In lugnet.off-topic.debate, James Simpson writes:
(big clipping)
Again, I'd say that your statement, while partially correct, needs some
moderation.  Britain came down like an iron fist everywhere.  France was quite
humane as things went in the 16th-19th centuries.  Spain was barbaric in the
beginning, but became moderate, taking a reasonably high view of Indian life by
the 17th century.  Portugal was perhaps the worst of the bunch - they began the
European slave traffic (note: slavery was alive and thriving throughout Africa,
amongst Africans, and by Arabs - slavery is a human evil, not just a European
one), without, it seems, any conscience.

Would you mind telling me why you consider Portugal was "the worst of the
bunch"??
In fact, it DID start slave trade in the Atlantic; but it also began ANY
sort of trade routes in the Atlantic.

(A curious thought: the portuguese did not "enslave" the africans, at least
in the 15th/16th centuries; they *bought* the slaves to the african
kingdoms. It is not good for an excuse, but it supports what you wrote after)
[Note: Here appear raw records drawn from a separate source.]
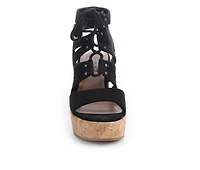 Women's Y-Not Gilligan Wedge Sandals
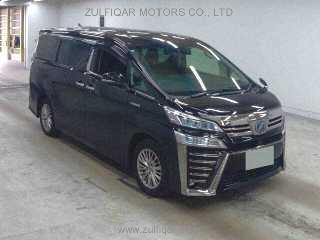 TOYOTA VELLFIRE 2019 Image 4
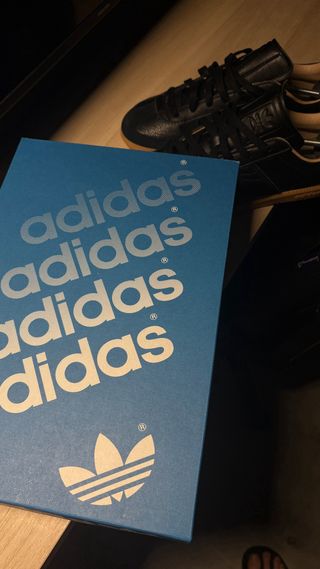 Scarpe Adidas BW Lux Army nere e marroni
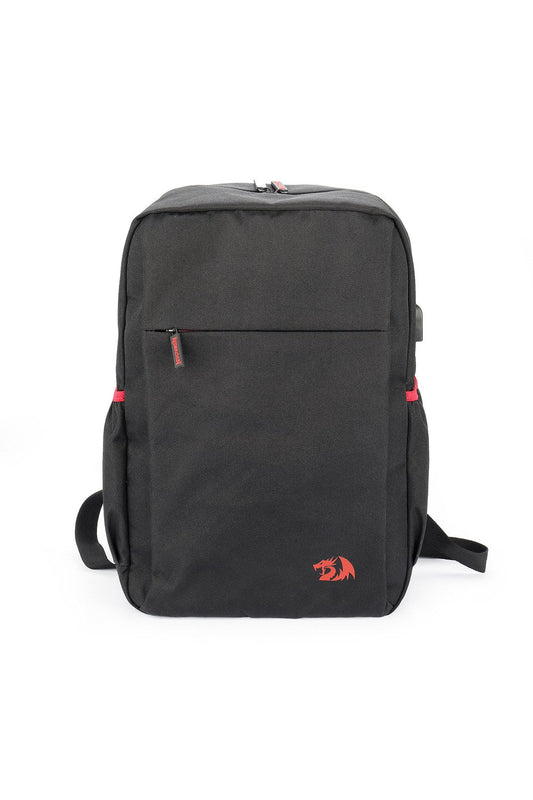 REDRAGON - Redragon GB-82 Black Compact Laptop Backpack - black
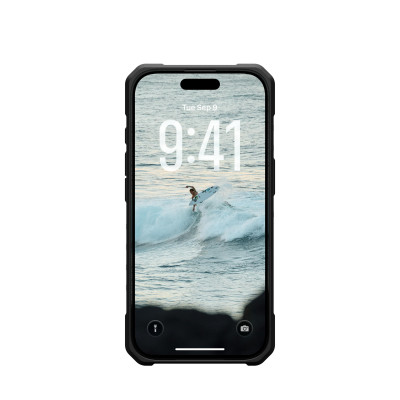 UAG Чохол для iPhone 17, Pathfinder Clear MagSafe, Ash/Black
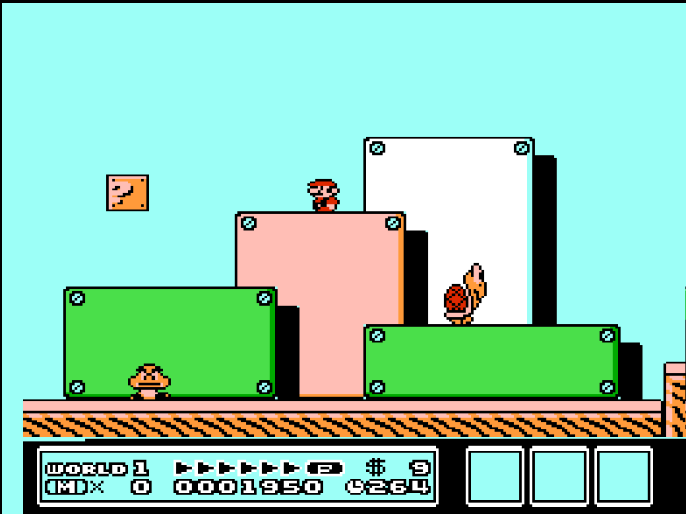 play super mario bros online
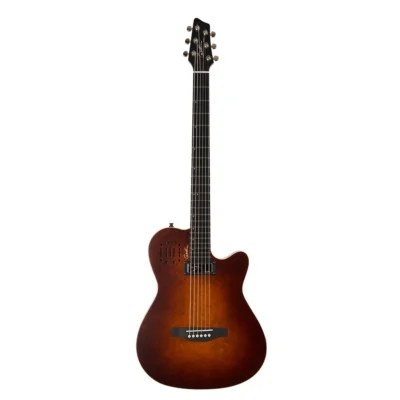 گیتار الکترو آکوستیک Godin A6 Baritone Ultra Burnt Umbe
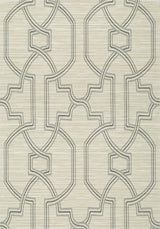 Thibaut PROMENADE Linen Wallpaper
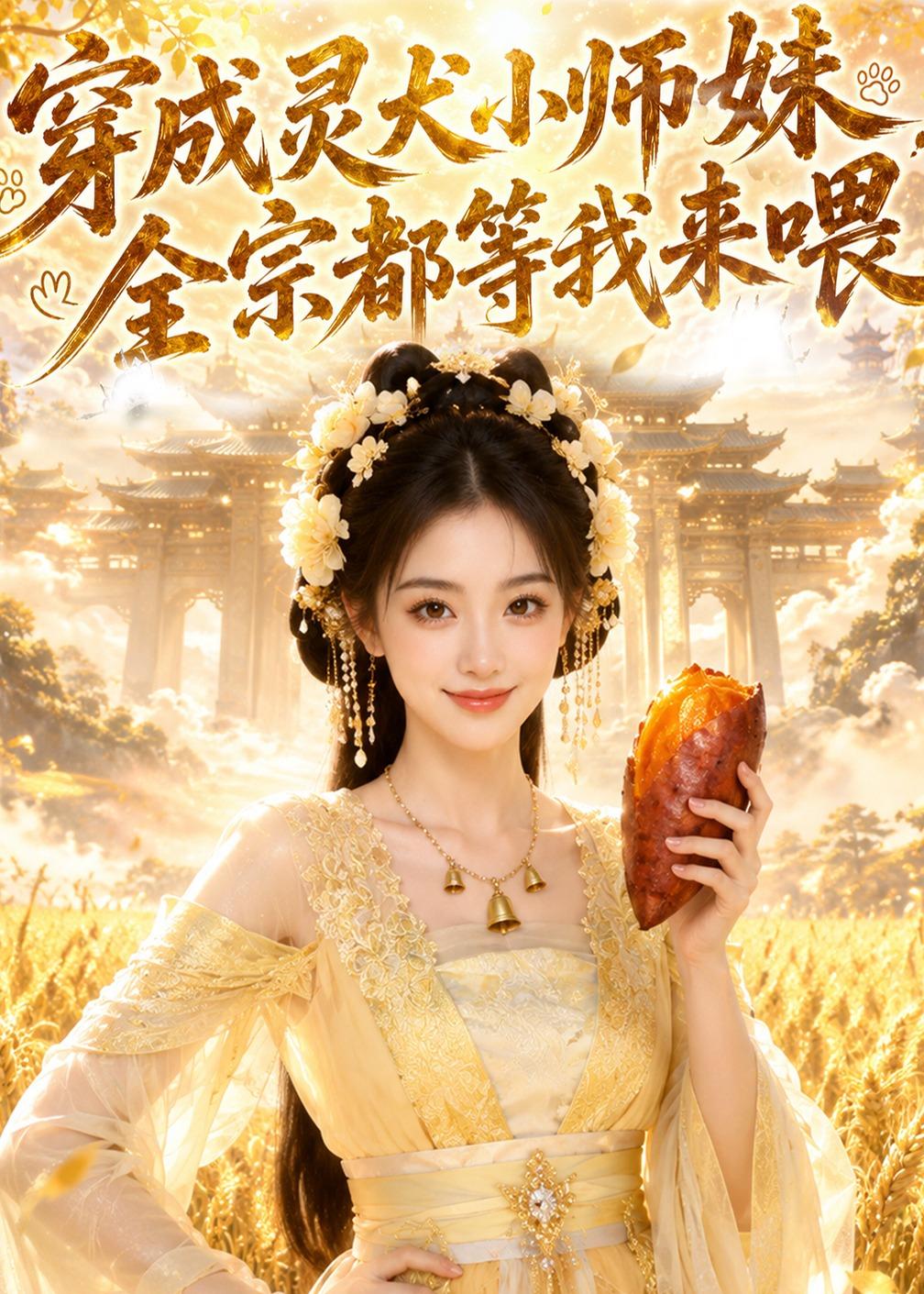 穿成灵犬小师妹,全宗都等我来喂(67集)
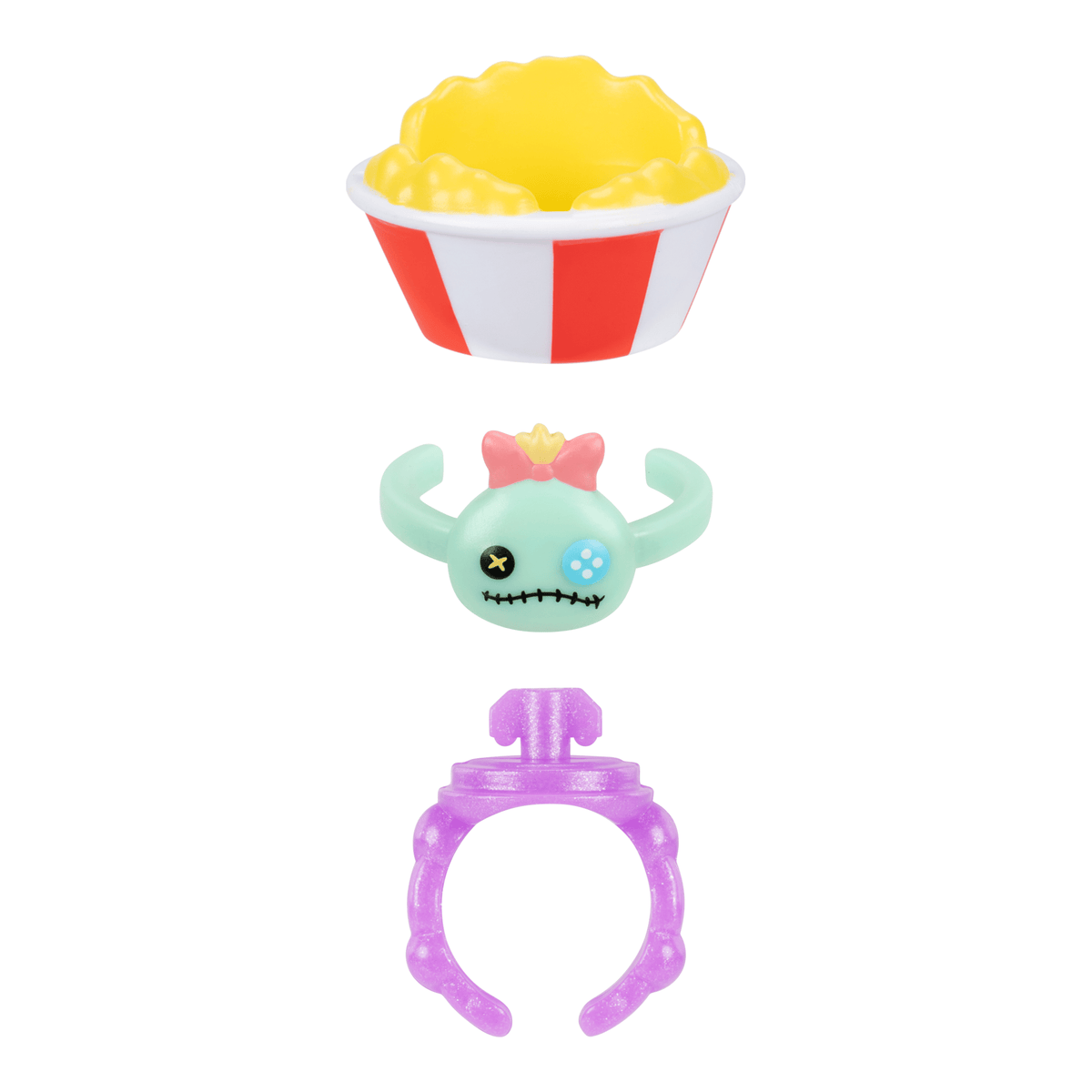 Disney Stitch Squish-a-longs 6-Figure Pack – Style 2 191726050865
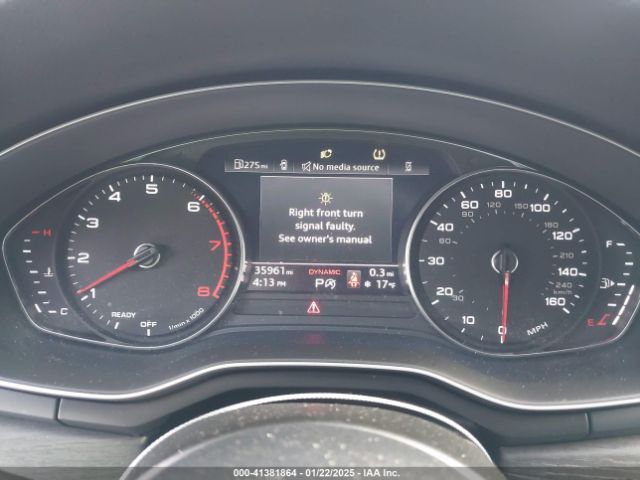WAUSAAF59PA001860 Audi A5 Premium 45 Tfsi S Line Quattro S Tronic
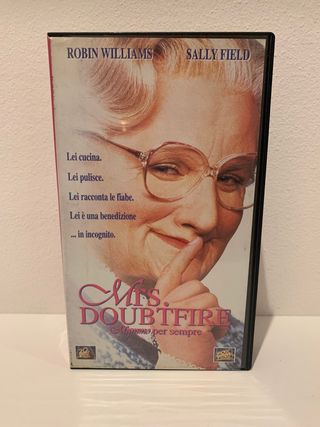 Vhs Mrs. Doubtfire vintage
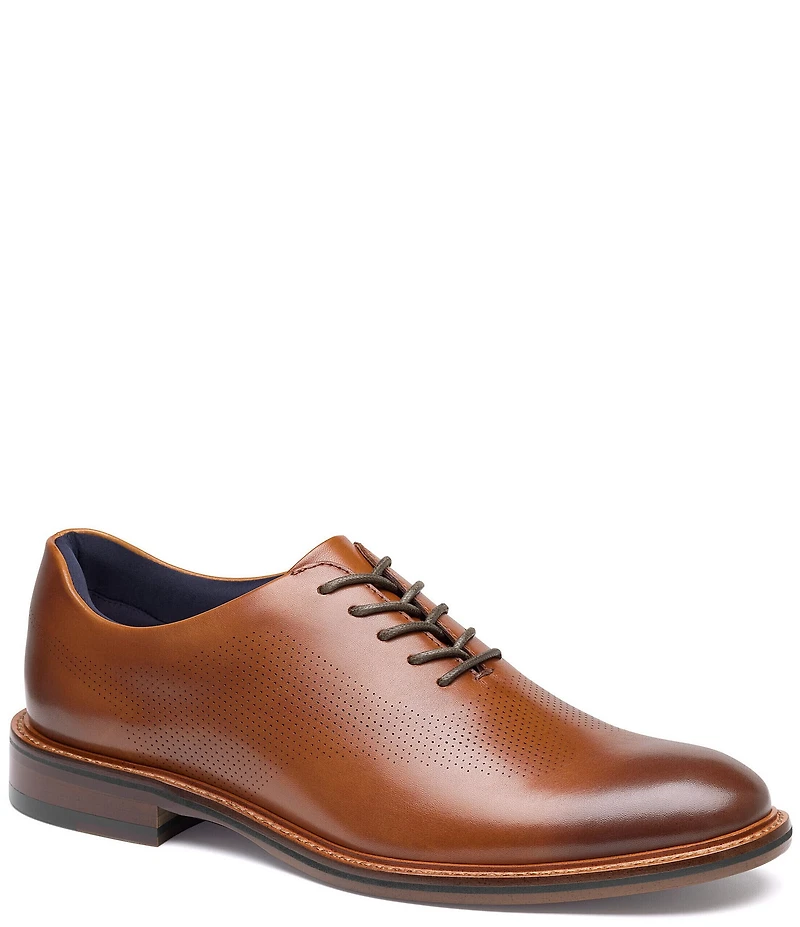 Johnston & Murphy Men's Conard 2.0 One Piece Plain Toe Oxfords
So how come that you acuse them of not having any conscience (about slavery
being bad)? Did ANYONE, in the 1440's?

And didn't Portugal follow Britain when it announced the end of slavery? I
mean, portuguese crews and ships continued slave trade from portuguese
colonies, but how could the portuguese navy or army effectively patrol such
a widespread (not vast) Empire? We are speaking of the poorest of the
european "empires" here... and I mean REALLY poor!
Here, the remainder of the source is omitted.